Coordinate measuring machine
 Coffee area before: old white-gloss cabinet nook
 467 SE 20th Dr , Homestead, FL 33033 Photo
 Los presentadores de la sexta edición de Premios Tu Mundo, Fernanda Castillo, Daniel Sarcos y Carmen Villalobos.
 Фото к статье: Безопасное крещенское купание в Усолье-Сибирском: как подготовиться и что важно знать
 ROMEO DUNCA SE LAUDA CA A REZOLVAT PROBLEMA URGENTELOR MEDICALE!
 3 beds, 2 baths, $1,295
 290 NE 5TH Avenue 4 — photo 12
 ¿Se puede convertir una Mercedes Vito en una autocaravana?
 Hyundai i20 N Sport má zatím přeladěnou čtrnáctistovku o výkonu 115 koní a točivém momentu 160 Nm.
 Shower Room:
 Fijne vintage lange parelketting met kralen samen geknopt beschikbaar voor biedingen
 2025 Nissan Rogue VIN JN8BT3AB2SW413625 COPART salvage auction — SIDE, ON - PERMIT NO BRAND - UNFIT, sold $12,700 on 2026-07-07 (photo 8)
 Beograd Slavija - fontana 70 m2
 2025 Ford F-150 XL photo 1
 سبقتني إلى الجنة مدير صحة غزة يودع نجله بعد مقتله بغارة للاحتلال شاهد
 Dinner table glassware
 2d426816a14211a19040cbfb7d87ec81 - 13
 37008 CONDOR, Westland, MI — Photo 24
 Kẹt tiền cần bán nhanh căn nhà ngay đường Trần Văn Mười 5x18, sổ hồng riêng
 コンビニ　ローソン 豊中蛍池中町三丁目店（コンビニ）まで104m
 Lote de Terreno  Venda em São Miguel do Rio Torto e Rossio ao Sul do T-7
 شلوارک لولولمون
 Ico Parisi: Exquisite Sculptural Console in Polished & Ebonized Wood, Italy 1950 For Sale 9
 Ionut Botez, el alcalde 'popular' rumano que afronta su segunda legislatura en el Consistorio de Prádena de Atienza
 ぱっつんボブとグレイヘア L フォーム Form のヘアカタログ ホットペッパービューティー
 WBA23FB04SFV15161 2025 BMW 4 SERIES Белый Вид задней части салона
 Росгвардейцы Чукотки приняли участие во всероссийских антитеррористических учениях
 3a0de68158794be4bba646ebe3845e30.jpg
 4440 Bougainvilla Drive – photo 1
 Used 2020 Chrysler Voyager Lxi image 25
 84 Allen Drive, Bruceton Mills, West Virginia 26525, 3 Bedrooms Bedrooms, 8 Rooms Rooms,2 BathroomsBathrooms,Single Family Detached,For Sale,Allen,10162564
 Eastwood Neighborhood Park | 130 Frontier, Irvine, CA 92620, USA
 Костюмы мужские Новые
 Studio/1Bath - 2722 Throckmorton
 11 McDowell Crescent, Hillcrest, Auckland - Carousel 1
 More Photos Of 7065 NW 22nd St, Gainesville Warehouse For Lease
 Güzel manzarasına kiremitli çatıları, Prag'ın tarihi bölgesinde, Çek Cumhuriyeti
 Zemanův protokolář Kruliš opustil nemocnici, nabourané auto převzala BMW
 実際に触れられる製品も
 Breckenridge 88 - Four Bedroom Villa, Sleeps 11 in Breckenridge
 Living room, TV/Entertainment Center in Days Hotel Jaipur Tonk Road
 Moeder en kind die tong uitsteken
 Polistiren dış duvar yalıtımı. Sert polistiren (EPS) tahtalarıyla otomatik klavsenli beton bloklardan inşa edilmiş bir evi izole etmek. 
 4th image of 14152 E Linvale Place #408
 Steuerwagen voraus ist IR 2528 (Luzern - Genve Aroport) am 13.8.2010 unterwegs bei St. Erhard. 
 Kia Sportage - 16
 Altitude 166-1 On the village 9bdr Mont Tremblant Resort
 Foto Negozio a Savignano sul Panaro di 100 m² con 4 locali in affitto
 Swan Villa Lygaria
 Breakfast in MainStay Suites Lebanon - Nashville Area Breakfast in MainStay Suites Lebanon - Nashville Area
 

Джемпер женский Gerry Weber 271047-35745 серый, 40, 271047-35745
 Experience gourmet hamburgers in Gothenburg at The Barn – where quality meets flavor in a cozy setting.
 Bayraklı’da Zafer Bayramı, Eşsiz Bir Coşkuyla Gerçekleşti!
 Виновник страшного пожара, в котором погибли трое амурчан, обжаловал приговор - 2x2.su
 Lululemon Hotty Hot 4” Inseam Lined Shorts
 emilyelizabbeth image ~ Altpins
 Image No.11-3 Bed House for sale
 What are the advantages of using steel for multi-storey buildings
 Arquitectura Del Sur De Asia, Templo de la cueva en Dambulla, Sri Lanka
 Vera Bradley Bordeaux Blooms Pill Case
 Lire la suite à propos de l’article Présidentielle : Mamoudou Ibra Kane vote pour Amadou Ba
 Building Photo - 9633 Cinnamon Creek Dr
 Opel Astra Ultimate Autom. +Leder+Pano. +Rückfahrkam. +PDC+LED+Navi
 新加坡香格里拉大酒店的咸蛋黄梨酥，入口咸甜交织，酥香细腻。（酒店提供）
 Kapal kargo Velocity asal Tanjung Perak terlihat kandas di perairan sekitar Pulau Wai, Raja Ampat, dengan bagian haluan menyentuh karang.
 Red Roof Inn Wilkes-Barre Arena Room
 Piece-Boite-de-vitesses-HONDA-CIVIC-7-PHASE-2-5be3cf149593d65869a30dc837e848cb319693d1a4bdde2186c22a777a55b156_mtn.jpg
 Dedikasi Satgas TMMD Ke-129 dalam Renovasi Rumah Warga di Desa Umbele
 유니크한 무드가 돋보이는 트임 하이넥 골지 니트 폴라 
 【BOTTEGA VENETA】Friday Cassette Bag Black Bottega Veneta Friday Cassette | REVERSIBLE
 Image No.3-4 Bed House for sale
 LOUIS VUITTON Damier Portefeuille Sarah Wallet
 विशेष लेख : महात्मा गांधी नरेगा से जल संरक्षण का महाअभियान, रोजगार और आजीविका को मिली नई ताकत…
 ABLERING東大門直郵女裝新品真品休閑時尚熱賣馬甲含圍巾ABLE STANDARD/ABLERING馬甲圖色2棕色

=====

Description of the task: Return exactly, please, the lines of the material from the first one down to and including the line where "Studio/1Bath - 2722 Throckmorton" appears.

Response box:
Coordinate measuring machine
 Coffee area before: old white-gloss cabinet nook
 467 SE 20th Dr , Homestead, FL 33033 Photo
 Los presentadores de la sexta edición de Premios Tu Mundo, Fernanda Castillo, Daniel Sarcos y Carmen Villalobos.
 Фото к статье: Безопасное крещенское купание в Усолье-Сибирском: как подготовиться и что важно знать
 ROMEO DUNCA SE LAUDA CA A REZOLVAT PROBLEMA URGENTELOR MEDICALE!
 3 beds, 2 baths, $1,295
 290 NE 5TH Avenue 4 — photo 12
 ¿Se puede convertir una Mercedes Vito en una autocaravana?
 Hyundai i20 N Sport má zatím přeladěnou čtrnáctistovku o výkonu 115 koní a točivém momentu 160 Nm.
 Shower Room:
 Fijne vintage lange parelketting met kralen samen geknopt beschikbaar voor biedingen
 2025 Nissan Rogue VIN JN8BT3AB2SW413625 COPART salvage auction — SIDE, ON - PERMIT NO BRAND - UNFIT, sold $12,700 on 2026-07-07 (photo 8)
 Beograd Slavija - fontana 70 m2
 2025 Ford F-150 XL photo 1
 سبقتني إلى الجنة مدير صحة غزة يودع نجله بعد مقتله بغارة للاحتلال شاهد
 Dinner table glassware
 2d426816a14211a19040cbfb7d87ec81 - 13
 37008 CONDOR, Westland, MI — Photo 24
 Kẹt tiền cần bán nhanh căn nhà ngay đường Trần Văn Mười 5x18, sổ hồng riêng
 コンビニ　ローソン 豊中蛍池中町三丁目店（コンビニ）まで104m
 Lote de Terreno  Venda em São Miguel do Rio Torto e Rossio ao Sul do T-7
 شلوارک لولولمون
 Ico Parisi: Exquisite Sculptural Console in Polished & Ebonized Wood, Italy 1950 For Sale 9
 Ionut Botez, el alcalde 'popular' rumano que afronta su segunda legislatura en el Consistorio de Prádena de Atienza
 ぱっつんボブとグレイヘア L フォーム Form のヘアカタログ ホットペッパービューティー
 WBA23FB04SFV15161 2025 BMW 4 SERIES Белый Вид задней части салона
 Росгвардейцы Чукотки приняли участие во всероссийских антитеррористических учениях
 3a0de68158794be4bba646ebe3845e30.jpg
 4440 Bougainvilla Drive – photo 1
 Used 2020 Chrysler Voyager Lxi image 25
 84 Allen Drive, Bruceton Mills, West Virginia 26525, 3 Bedrooms Bedrooms, 8 Rooms Rooms,2 BathroomsBathrooms,Single Family Detached,For Sale,Allen,10162564
 Eastwood Neighborhood Park | 130 Frontier, Irvine, CA 92620, USA
 Костюмы мужские Новые
 Studio/1Bath - 2722 Throckmorton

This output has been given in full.